Singapore attained its independence from Malaysia in 1959—five years before Malawi got hers from Britain in 1964—impoverished and in need of political and economic direction. But while Lee took his country on a trajectory of development from an impoverished nation to an economic giant in the world, Malawi (and many African countries that got their independence around the same time) were being dragged on a different path: to eternal poverty.

Perhaps Lee’s dictatorship was the heavy price his people had to pay for the leadership direction that brought them development. Curiously, he was not shy to defend his leadership style, reportedly saying: “The exuberance of democracy leads to undisciplined and disorderly conditions which are inimical to development.”

While Malawi had no democracy or change of government to write home about or an internal opposition and a critical press to be proud of, that did not translate to development from 1964 until 1994—even up to now.

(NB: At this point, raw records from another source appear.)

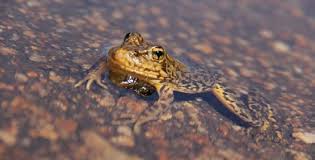 Attēlu rezultāti vaicājumam “Tortula lingulata macro”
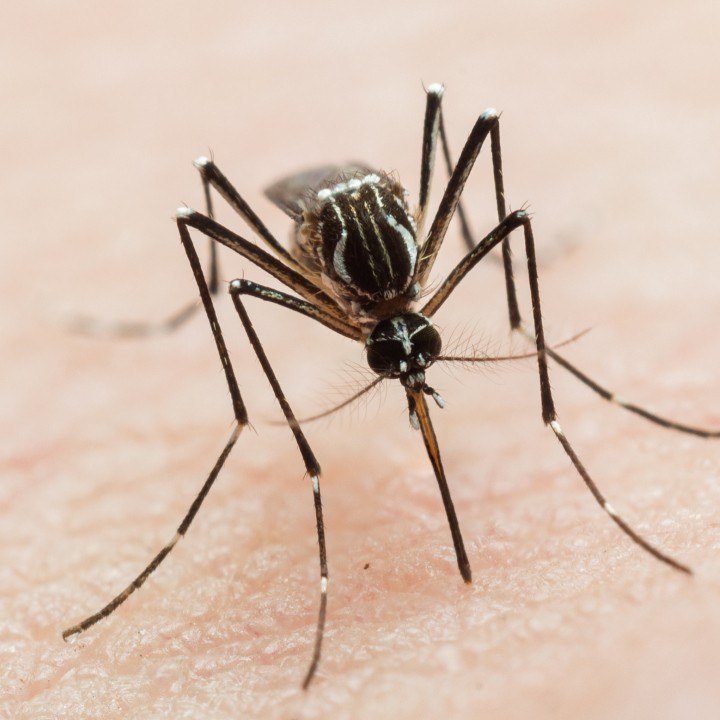 FEMME ACTUELLE - Moustiques, araignées, tiques : comment reconnaître les différentes piqûres d'insectes ?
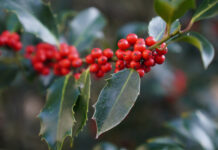 Feria del Acebo Prádena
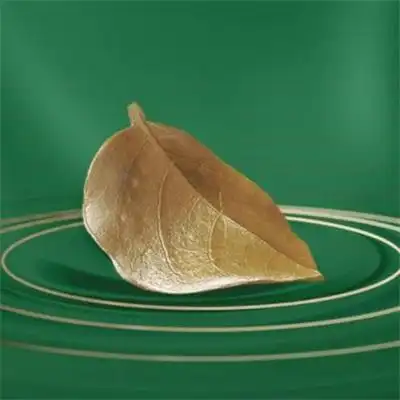 适合永久做头像的唯美图片让人一看就舒心的微信头像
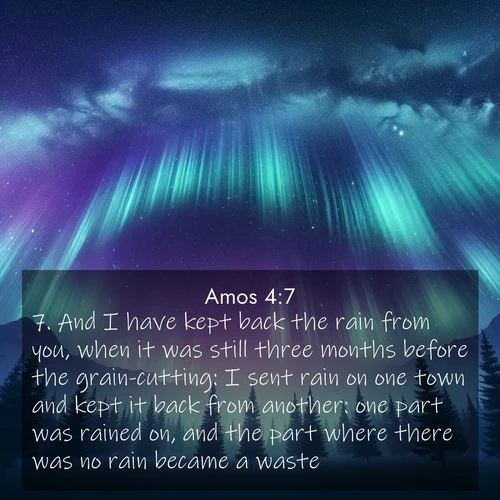 BBE Amos 4:7 overlaying nature image scene: Aurora borealis ripples like cosmic curtains. Pine trees stand sentinel beneath the light show.;7. And I have kept back the rain from you, when it was still three months before the grain-cutting: I sent rain on one town and kept it back from another: one part was rained on, and the part where there was no rain became a waste.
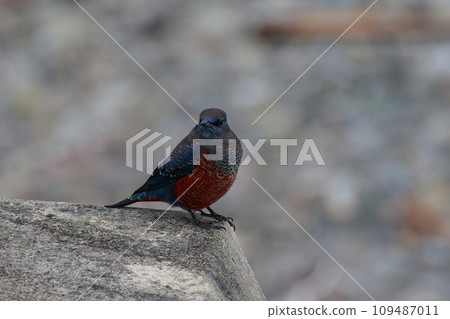 Bulbul 109487011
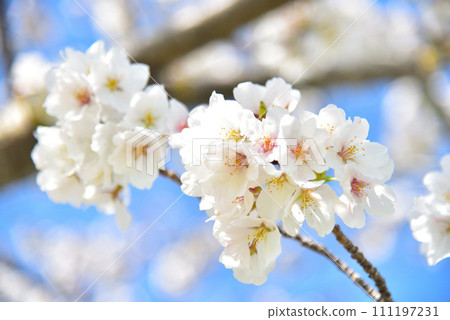 Cherry blossom, cherry tree, spring 111197231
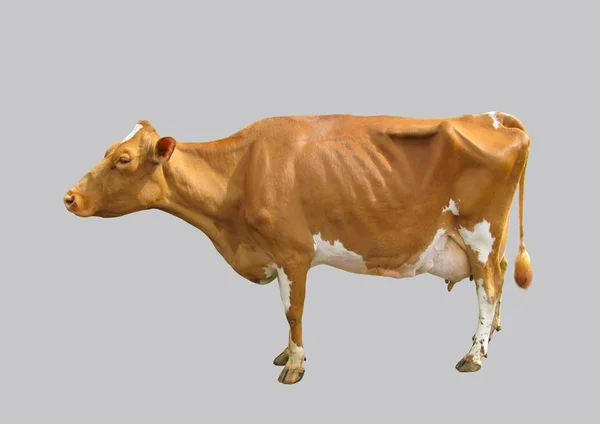 Jeune vache laitière . — Photo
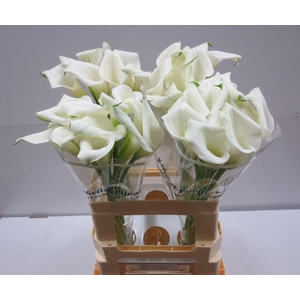 Calla Crystal Blush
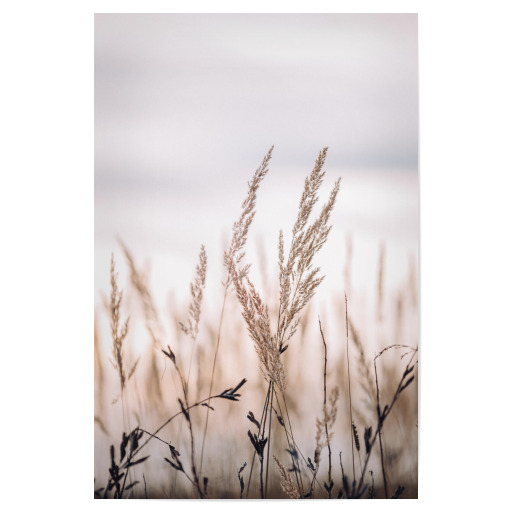 Grass stems and dusty sky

Instead, while Lee was transforming his country as he crushed a dissenter here or muzzled the press there, Malawi was under the ruthless hand of a despot who was given to boast about Malawi’s supposed star rating among the international financial institutions that translated into zero-development. The people of Mwanza and Neno, whom he insulted as literary naked, are now clothed but their threadbare attires are barely clinging to their malnourished bodies.

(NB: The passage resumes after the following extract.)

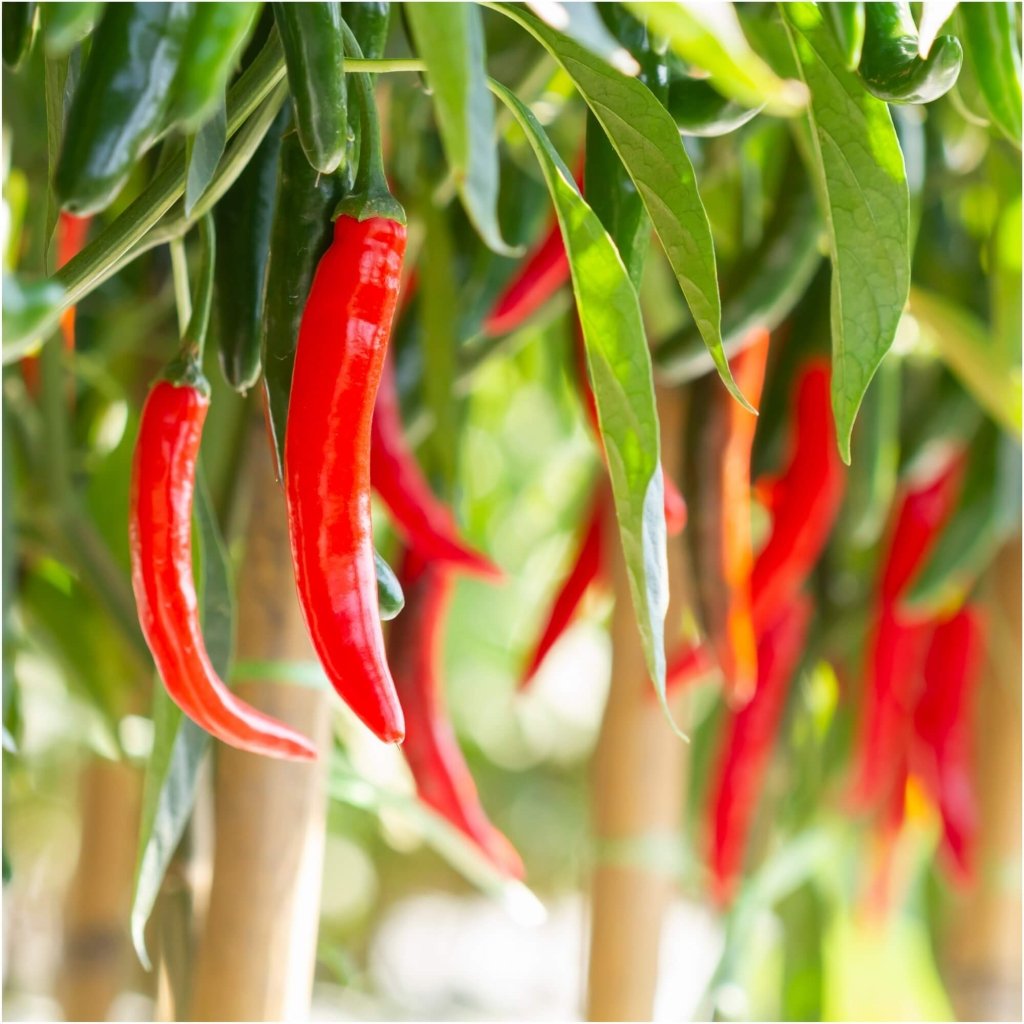 Chilli - Cayenne Red seeds - Happy Valley Seeds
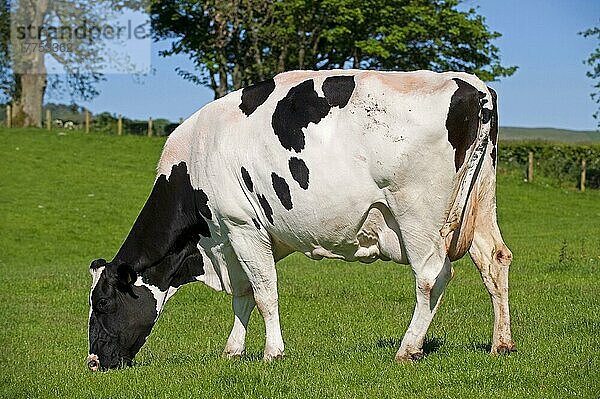 Hausrind  Holsteinisches Friesisches Rind  weidendes Gras auf der Weide  Cumbria  England  Sommer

Fifty years after that supposed independence, we are far from developed and still dependent on the mood swings of our development partners.

Perhaps, it is a situation not lost on President Peter Mutharika who has set out his lofty ambitions to move Malawi from a donor-dependent country to a fully independent entity within five years. I would dare him to do that; he would earn everyone’s respect.

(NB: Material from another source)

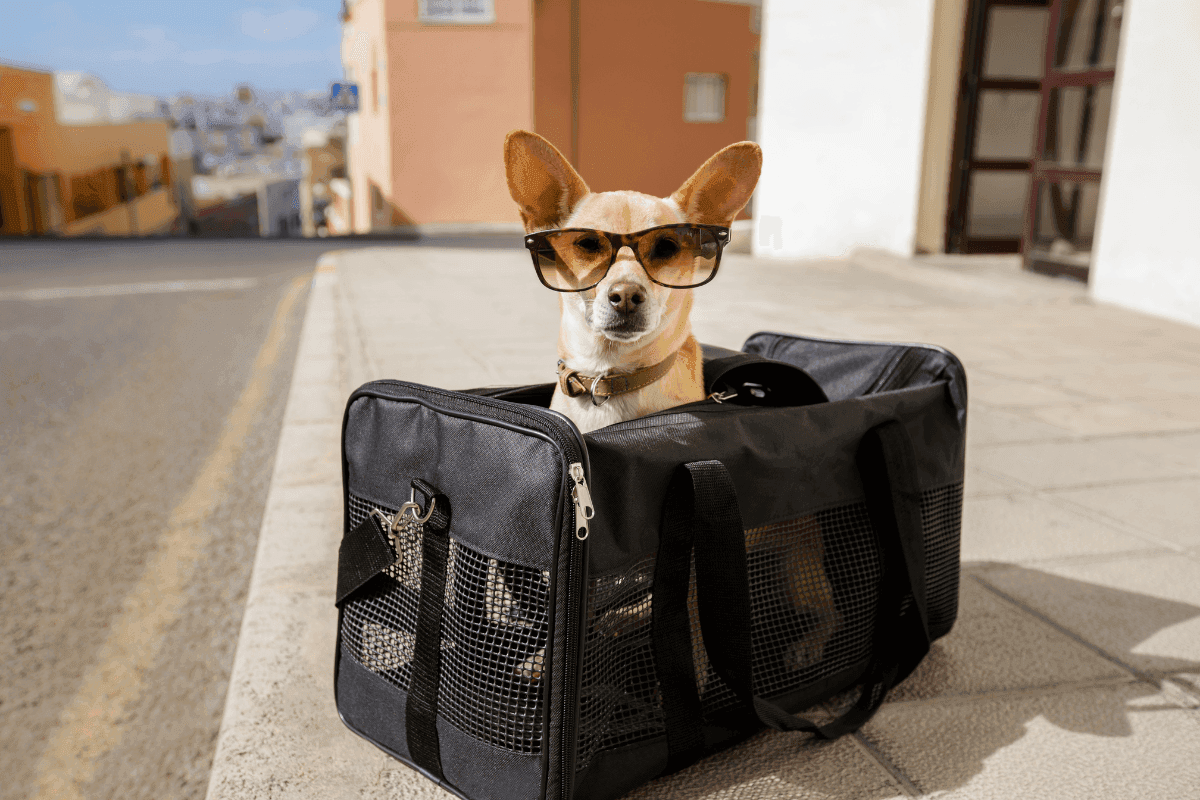 Petit chien portant des lunettes de soleil, assis dans un sac de transport noir, prêt pour un voyage.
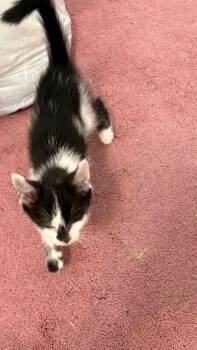 Smudge -  Domestic Short Hair Cat for Adoption - Smudge | PetCurious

One hopes he won’t suffer from the same affliction that was his brother’s undoing who celebrated non-issues as pointers of development—perhaps too prematurely.

We still have a long way to go. Malawi won’t develop and wean itself off donor-dependency if people with political connections are allowed to run down a robust institution such as Malawi Savings Bank for their selfish ends. We won’t get there if we believe that the resumption of aid by the IMF calls for a celebration.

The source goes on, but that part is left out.